20    It is not, with respect, apparent from the judgment of the Full Court in Monash Health, and notwithstanding the number of cases to which reference is made, that the Full Courts attention was drawn to a much earlier judgment of the Full Court which, on my reading of it, would suggest that a judgment of the kind found in the declaratory order is not interlocutory: see Arrowcrest Group Pty Ltd v Gill (1993) 46 FCR 90, at 100 101.

21    In Damorgold Pty Ltd v J.A.I. Products Pty Ltd [2014] FCA 448, a case to which reference is made in Monash Health, Tracey J concluded that a judgment akin to the declaratory order made in the present case was final rather than interlocutory. That was certainly a view that I reached of the position recently in obiter remarks in Hallam v Tancred [2024] FCA 837 (Hallam), although it must be said of those, in turn, that I did not refer to Monash Health.

22    However all this may be, and to adopt an approach which I did in Hallam, if leave were necessary, and Monash Health certainly suggests that it is, the case is one, undoubtedly, in my view, where leave should be granted.

23    The orders concerned have determined contraventions. The challenge which SunshineLoans seeks to make to the declaratory orders is, again applying the test as set out in Decor v Dart and having regard to the grounds (numerous though they may be) in the draft notice of appeal and the related outline of submissions, at least sufficiently arguable to warrant a grant of leave. The Commission did not press that the case was so clear as to warrant a peremptory refusal of leave.

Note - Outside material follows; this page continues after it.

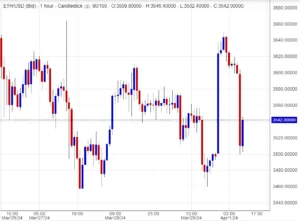  اسعار اثيريوم,تحليل ,توصية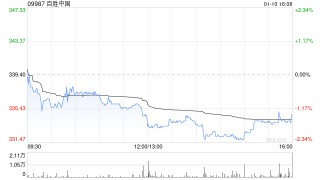 百胜中国1月10日斥资469.05万港元回购1.4万股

24    Once again, an extension of time would be necessary if indeed leave to appeal is necessary. Once again also though, the decision by SunshineLoans came necessarily to be affected by the fate of any decision which the Commission took in respect of a challenge to the recusal order. It would have been a complete misuse of Court time for there to have been separate leave to appeal hearings. I am well satisfied that there is an acceptable explanation for the, again, slight delay of less than a fortnight by SunshineLoans in applying, if only out of an abundance of caution, for leave to appeal.

25    I propose, therefore, to order that the Commission be granted leave to appeal against the recusal order on terms that the grant of leave be treated also as a grant of leave in respect of so much of that order as related to QUD 338 of 2024 and, insofar as the same is necessary, that the Commission be granted the requisite extension of time to the date on which it filed its application for leave to appeal.

26    As to the application by SunshineLoans, and for reasons which I have set out, I propose to make the order in slightly different terms by ordering that, insofar as the same may be necessary, SunshineLoans be granted leave to appeal against the declaratory order and a related extension of time to the date upon which it filed its application for leave to appeal.

27    I propose to reserve costs, as requested by the parties, in respect of each of the applications. In so doing, I note that SunshineLoans foreshadowed that it may seek a special order in respect of costs which would at least entail a departure from costs following the event in respect of the Commissions appeal, were that appeal to be successful. It would, of course, be inappropriate to reach any concluded view about any such costs application. I do nothing more than note that the case is one where strategic issues of public importance can be seen to be at large in relation to the Commission’s appeal for all of the reasons which I have already given. Whether or not to make any special order in respect of costs is a decision for the Full Court.

28    As to the length of time and for the assistance of the registrars whose duty it is to formulate an appeal list, I note that counsel have estimated that the appeals consequent upon the grant of leave would, if heard together (and I shall so order) and given the number of issues at large, be of three days duration. That joint estimate does not strike me as in any way an unreasonable one.

I certify that the preceding twenty-eight (28) numbered paragraphs are a true copy of the Reasons for Judgment of the Honourable Justice Logan.